Now that Half Pint is engaged, though, and there’s not much I can do to stop it, I’m starting to look on the bright side of things. For example, once Half Pint moves out of the house, Carrie can move up into the loft. This really kills two birds with one stone: we don’t have to sleep next to Carrie anymore and I can use it as evidence that we have plenty of room in the house.

Sure, I’ve promised additions before, but somehow I always get out of it. When we had our son, I drew up some plans to expand the house. Since he tragically died, there wasn’t a need to add on anymore. Since then, I’ve been mentioning whenever I can that it doesn’t matter how much space someone has as long as they love each other. Recently when Caroline was all upset at our high school reunion I pulled that line and then really drove it home when we arrived home and pointed out that our many children spilling out of our tiny house was the very definition of success.

Well, since I’ve so recently planted that seed, Half Pint’s engagement really couldn’t come at a better time: not only do we not need more space because we love each other so much, but we’re about to have a daughter leave for the second time.

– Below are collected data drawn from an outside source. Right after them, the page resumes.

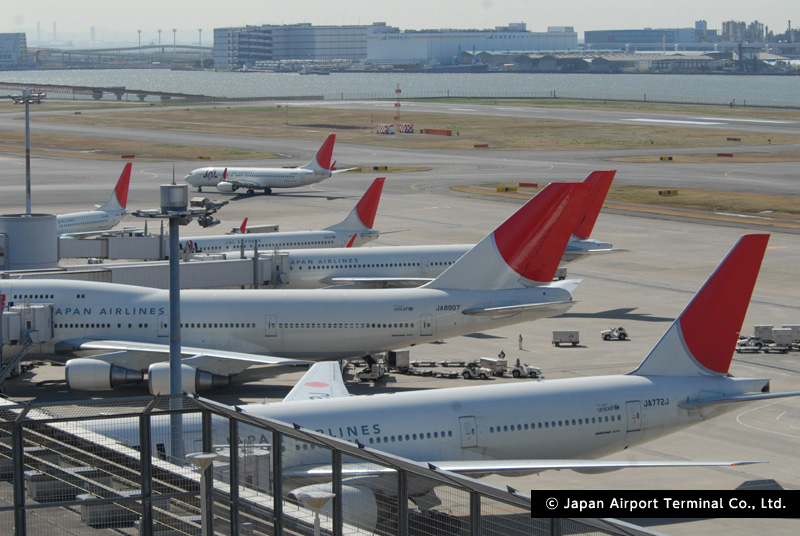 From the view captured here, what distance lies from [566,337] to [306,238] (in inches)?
849

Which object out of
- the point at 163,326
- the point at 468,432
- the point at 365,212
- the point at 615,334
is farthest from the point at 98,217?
the point at 468,432

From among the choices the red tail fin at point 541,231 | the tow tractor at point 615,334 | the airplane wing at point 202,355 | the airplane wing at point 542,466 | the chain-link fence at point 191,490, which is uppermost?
the red tail fin at point 541,231

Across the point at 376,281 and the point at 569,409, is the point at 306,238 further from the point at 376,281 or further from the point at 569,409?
the point at 569,409

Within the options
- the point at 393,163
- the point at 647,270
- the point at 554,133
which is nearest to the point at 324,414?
the point at 647,270

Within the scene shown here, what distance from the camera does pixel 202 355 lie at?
132ft

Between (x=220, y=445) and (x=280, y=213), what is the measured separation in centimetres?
7687

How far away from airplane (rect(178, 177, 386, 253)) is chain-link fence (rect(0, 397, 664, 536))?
4277cm

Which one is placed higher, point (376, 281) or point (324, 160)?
point (324, 160)

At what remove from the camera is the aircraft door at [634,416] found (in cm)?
2972

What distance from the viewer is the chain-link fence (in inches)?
670

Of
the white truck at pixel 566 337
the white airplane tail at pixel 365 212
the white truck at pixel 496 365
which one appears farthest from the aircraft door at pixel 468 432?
the white airplane tail at pixel 365 212

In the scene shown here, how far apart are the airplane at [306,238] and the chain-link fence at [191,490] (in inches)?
1684

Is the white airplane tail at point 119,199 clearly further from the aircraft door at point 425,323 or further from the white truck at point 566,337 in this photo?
the aircraft door at point 425,323

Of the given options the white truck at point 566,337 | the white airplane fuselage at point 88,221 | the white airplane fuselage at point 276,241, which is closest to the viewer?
the white truck at point 566,337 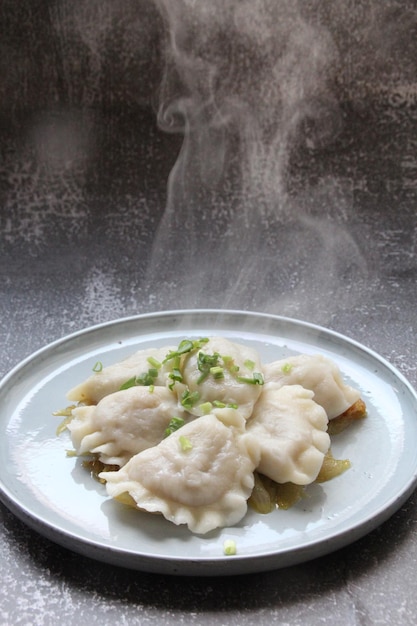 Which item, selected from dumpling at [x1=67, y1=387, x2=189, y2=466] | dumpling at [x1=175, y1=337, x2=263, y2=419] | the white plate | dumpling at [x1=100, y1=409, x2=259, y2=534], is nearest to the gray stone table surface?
the white plate

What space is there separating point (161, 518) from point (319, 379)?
686 millimetres

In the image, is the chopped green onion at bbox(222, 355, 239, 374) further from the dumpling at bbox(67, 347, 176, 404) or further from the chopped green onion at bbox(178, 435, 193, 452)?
the chopped green onion at bbox(178, 435, 193, 452)

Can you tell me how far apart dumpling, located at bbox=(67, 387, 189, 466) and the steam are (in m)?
1.62

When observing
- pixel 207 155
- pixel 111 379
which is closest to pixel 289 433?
pixel 111 379

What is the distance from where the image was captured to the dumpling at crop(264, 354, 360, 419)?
2520 millimetres

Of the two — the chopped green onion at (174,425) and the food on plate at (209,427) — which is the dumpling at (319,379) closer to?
the food on plate at (209,427)

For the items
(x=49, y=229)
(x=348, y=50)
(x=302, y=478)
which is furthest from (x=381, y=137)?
(x=302, y=478)

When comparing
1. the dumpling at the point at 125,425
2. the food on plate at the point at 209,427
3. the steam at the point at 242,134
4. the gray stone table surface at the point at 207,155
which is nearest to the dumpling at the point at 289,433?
the food on plate at the point at 209,427

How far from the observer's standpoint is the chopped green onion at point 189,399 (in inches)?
94.0

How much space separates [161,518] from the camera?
2.17 m

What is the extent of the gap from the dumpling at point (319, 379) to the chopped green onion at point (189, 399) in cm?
29

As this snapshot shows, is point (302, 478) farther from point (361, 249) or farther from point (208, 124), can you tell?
point (208, 124)

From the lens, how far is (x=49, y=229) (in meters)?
4.18

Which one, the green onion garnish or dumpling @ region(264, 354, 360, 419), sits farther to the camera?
dumpling @ region(264, 354, 360, 419) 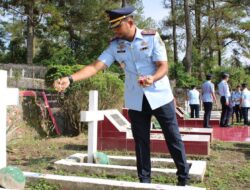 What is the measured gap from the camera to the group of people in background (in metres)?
11.5

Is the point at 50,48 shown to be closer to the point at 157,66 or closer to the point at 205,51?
the point at 205,51

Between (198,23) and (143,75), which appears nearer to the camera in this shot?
(143,75)

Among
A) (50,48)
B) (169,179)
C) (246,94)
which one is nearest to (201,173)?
(169,179)

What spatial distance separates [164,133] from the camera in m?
4.02

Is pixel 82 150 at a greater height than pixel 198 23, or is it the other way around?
pixel 198 23

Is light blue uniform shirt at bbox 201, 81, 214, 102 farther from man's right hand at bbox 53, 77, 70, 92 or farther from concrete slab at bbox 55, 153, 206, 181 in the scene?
man's right hand at bbox 53, 77, 70, 92

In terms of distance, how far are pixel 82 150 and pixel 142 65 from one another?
3.87m

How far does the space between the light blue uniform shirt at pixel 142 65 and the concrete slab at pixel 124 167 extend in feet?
4.08

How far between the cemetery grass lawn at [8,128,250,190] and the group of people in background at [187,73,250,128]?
3.06 meters

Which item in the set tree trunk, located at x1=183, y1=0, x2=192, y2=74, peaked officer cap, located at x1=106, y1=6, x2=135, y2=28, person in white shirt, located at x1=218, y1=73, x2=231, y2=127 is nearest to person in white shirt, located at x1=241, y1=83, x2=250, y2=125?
person in white shirt, located at x1=218, y1=73, x2=231, y2=127

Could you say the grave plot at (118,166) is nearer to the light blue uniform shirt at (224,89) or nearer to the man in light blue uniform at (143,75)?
the man in light blue uniform at (143,75)

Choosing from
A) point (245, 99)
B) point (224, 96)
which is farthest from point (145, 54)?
point (245, 99)

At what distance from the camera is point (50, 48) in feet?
98.0

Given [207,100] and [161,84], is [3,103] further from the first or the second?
[207,100]
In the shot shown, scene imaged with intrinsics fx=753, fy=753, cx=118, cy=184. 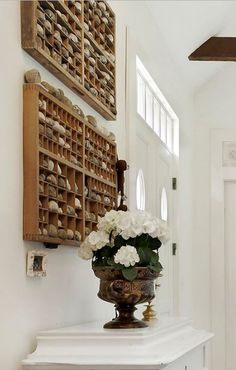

If anything, we have too much space now. I mean, can anyone ever really say that they’re done adopting children? I’m not sure, but at least for now I can point to all the space that Laura’s vacancy will leave.

I’m starting to get a little concerned, though. It seems those two can’t be in the same room without fighting these days. If they don’t get over this bickering and get hitched right away, I’m going to be on some shaky ground. Maybe I’ll try to work this to my advantage on Mary’s anniversary somehow. If that fails, I suppose I could always pull that “cash on the barrel” excuse I use when it suits me but never really actually believe in.

Charles Ingalls, Walnut Grove, Minn.